** Information supplied follows **

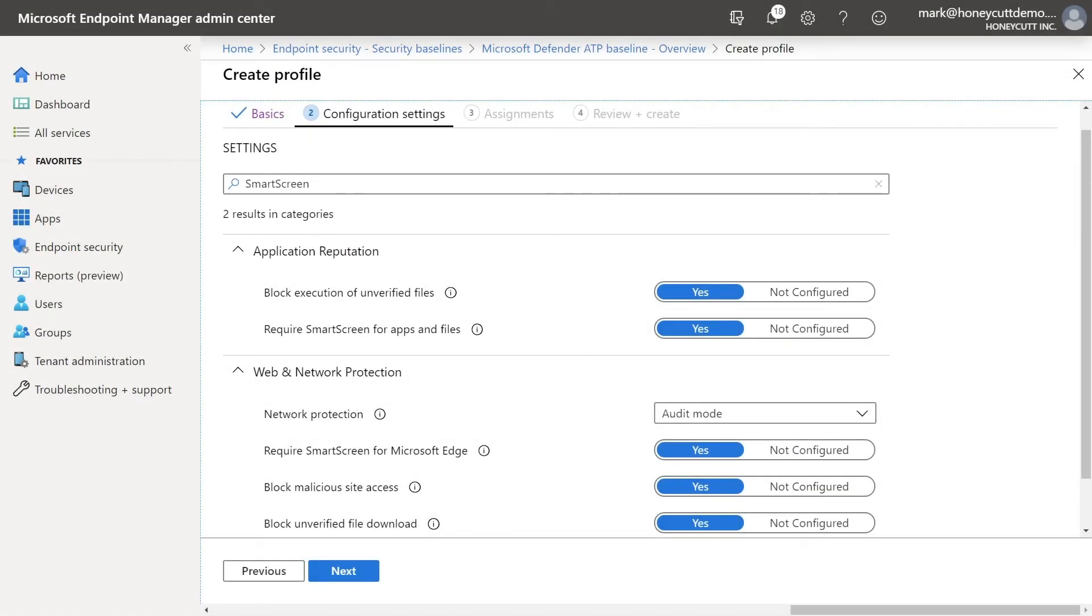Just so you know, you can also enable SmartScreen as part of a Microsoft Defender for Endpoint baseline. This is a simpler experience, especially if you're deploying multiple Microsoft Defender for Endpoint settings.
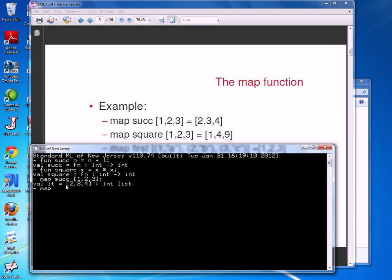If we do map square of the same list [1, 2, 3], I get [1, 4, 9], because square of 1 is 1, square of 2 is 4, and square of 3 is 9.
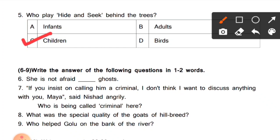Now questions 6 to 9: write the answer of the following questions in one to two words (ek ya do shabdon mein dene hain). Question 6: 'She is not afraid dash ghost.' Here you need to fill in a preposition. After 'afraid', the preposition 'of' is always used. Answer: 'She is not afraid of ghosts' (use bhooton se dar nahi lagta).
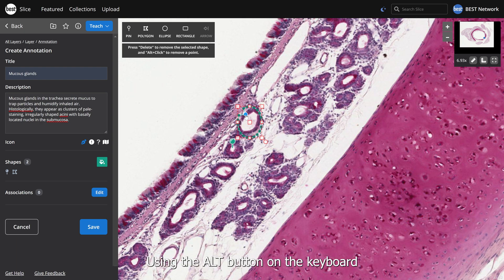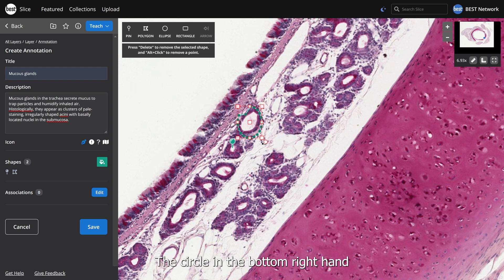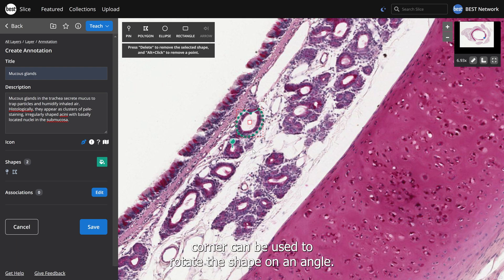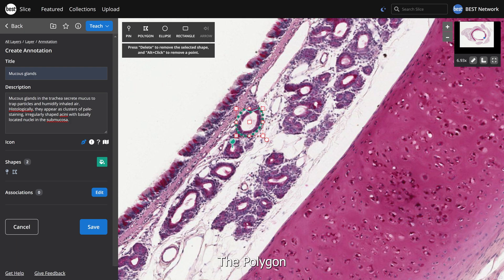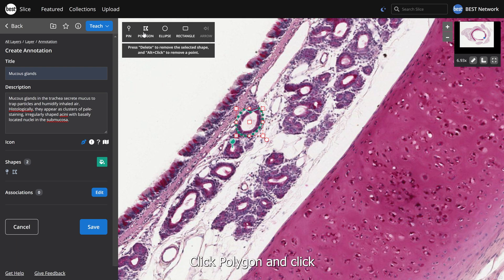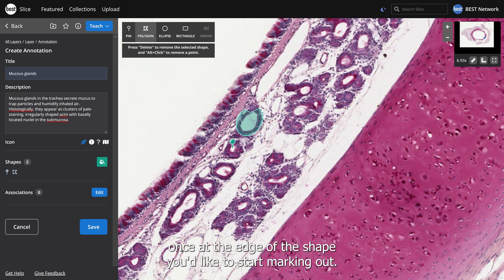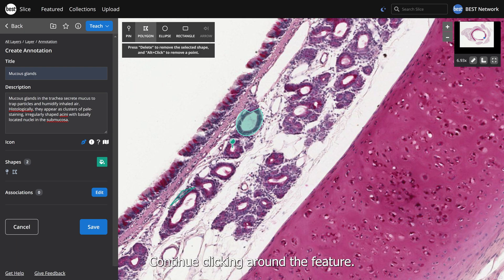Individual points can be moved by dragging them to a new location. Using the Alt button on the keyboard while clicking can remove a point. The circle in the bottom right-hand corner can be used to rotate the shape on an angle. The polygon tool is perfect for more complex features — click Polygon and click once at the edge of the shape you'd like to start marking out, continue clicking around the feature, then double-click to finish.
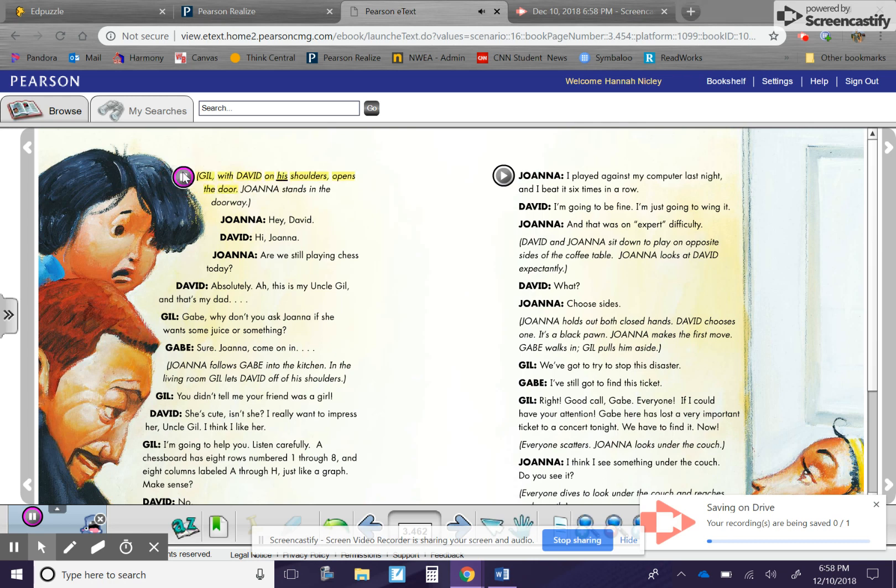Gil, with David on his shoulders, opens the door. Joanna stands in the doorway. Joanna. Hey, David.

** End of Information supplied **

### [Task]
For this exercise, repeat word for word only the lines from the one containing "If we do map" through the end of the data, including both. Pictures do not go in the copy.

### [Response]
If we do map square of the same list [1, 2, 3], I get [1, 4, 9], because square of 1 is 1, square of 2 is 4, and square of 3 is 9.
Now questions 6 to 9: write the answer of the following questions in one to two words (ek ya do shabdon mein dene hain). Question 6: 'She is not afraid dash ghost.' Here you need to fill in a preposition. After 'afraid', the preposition 'of' is always used. Answer: 'She is not afraid of ghosts' (use bhooton se dar nahi lagta).
Individual points can be moved by dragging them to a new location. Using the Alt button on the keyboard while clicking can remove a point. The circle in the bottom right-hand corner can be used to rotate the shape on an angle. The polygon tool is perfect for more complex features — click Polygon and click once at the edge of the shape you'd like to start marking out, continue clicking around the feature, then double-click to finish.
Gil, with David on his shoulders, opens the door. Joanna stands in the doorway. Joanna. Hey, David.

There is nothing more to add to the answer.